Work instruction:
Every entry below is to be copied exactly, apart from any picture it holds.

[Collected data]
==============================

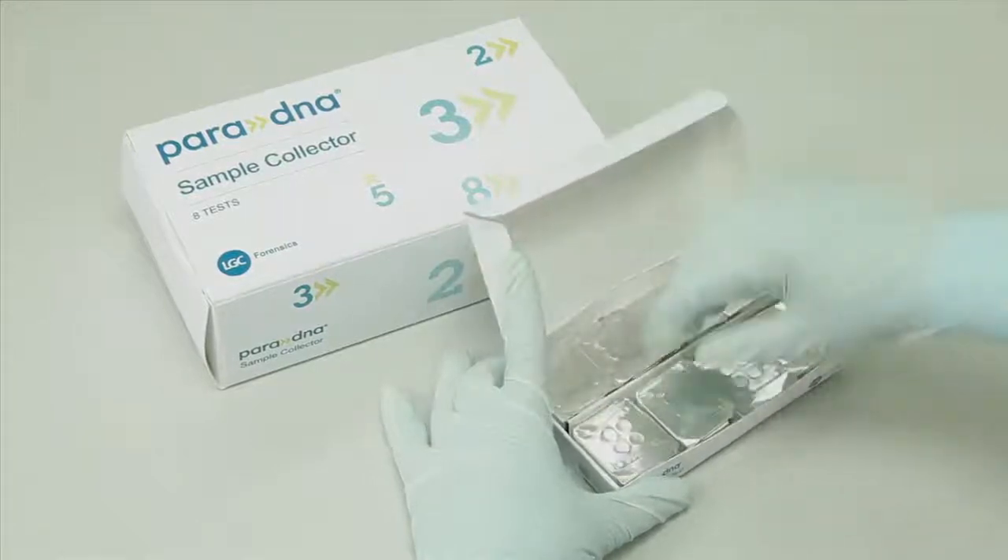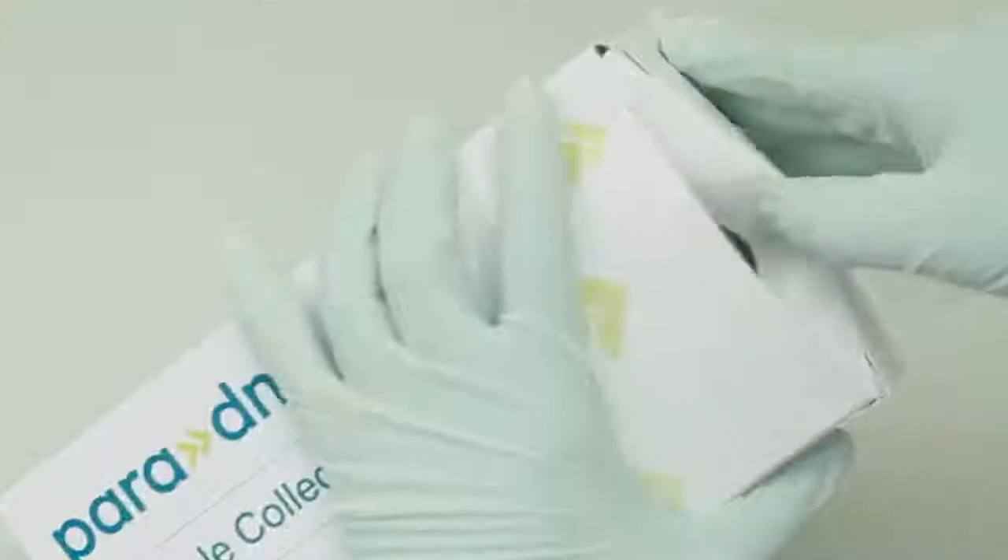You need to wear personal protective equipment. Each sample to be screened for DNA requires a reaction plate and a sample collector.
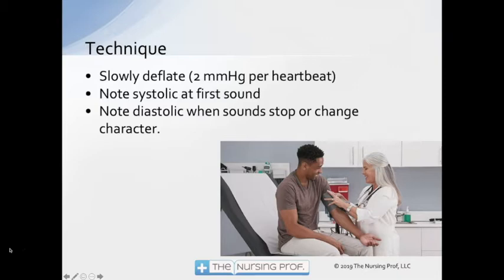Keep in mind that the diastolic is when the sound changes character. In many cases the sound just stops — those Korotkoff sounds that you're hearing will just stop entirely, and that's your diastolic. But in some cases you'll hear sounds all the way down to zero. When checking blood pressure, listen for when the sounds change in pitch or loudness — maybe they suddenly become soft or change pitch. Note that as your diastolic pressure.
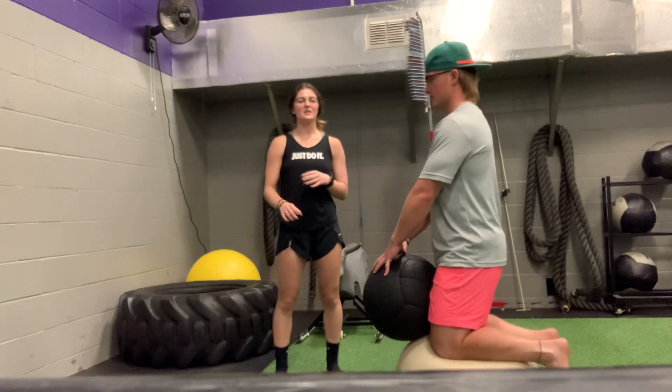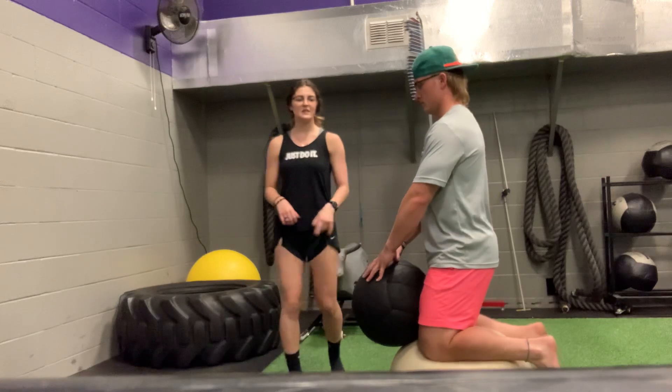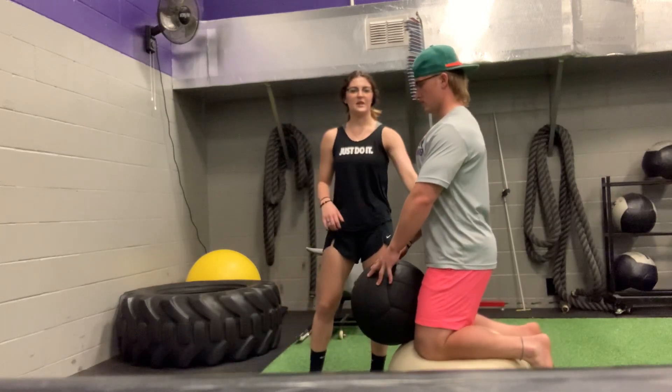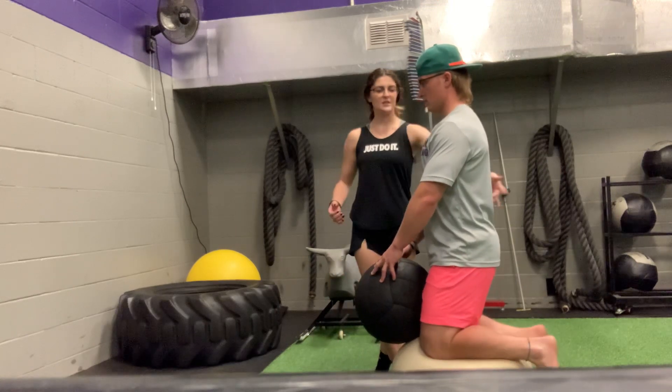This is going to be a stability ball kneel with a medicine ball chest pass. You're going to want to start kneeling, having your shoulders above your hips so that your body's in a nice straight line, bracing your core, pulling your belly button into your spine.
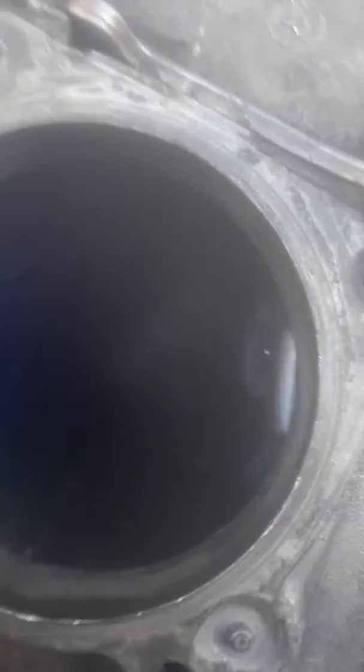That's so crazy. And this is where your swirl flaps would be — you can see out the other side of the manifold. Swirl flaps are all out. All the broken pieces are out.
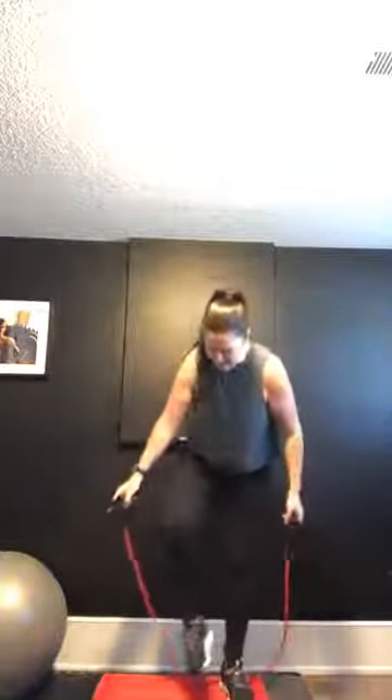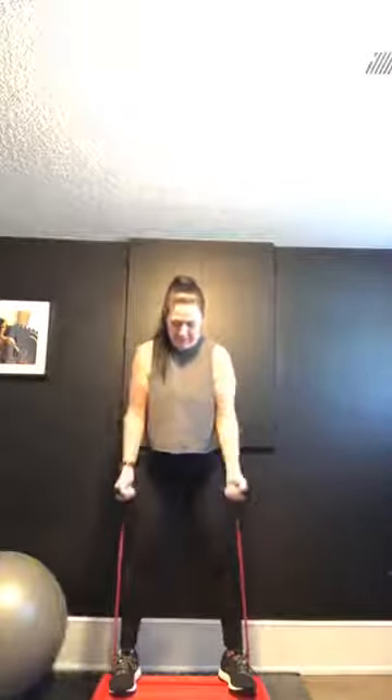Keep going. 20 seconds. Keep breathing. 10 seconds. After this we're going to go with a hammer curl. 3, 2, 1.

==============================

Exercise output:
You need to wear personal protective equipment. Each sample to be screened for DNA requires a reaction plate and a sample collector.
Keep in mind that the diastolic is when the sound changes character. In many cases the sound just stops — those Korotkoff sounds that you're hearing will just stop entirely, and that's your diastolic. But in some cases you'll hear sounds all the way down to zero. When checking blood pressure, listen for when the sounds change in pitch or loudness — maybe they suddenly become soft or change pitch. Note that as your diastolic pressure.
This is going to be a stability ball kneel with a medicine ball chest pass. You're going to want to start kneeling, having your shoulders above your hips so that your body's in a nice straight line, bracing your core, pulling your belly button into your spine.
That's so crazy. And this is where your swirl flaps would be — you can see out the other side of the manifold. Swirl flaps are all out. All the broken pieces are out.
Keep going. 20 seconds. Keep breathing. 10 seconds. After this we're going to go with a hammer curl. 3, 2, 1.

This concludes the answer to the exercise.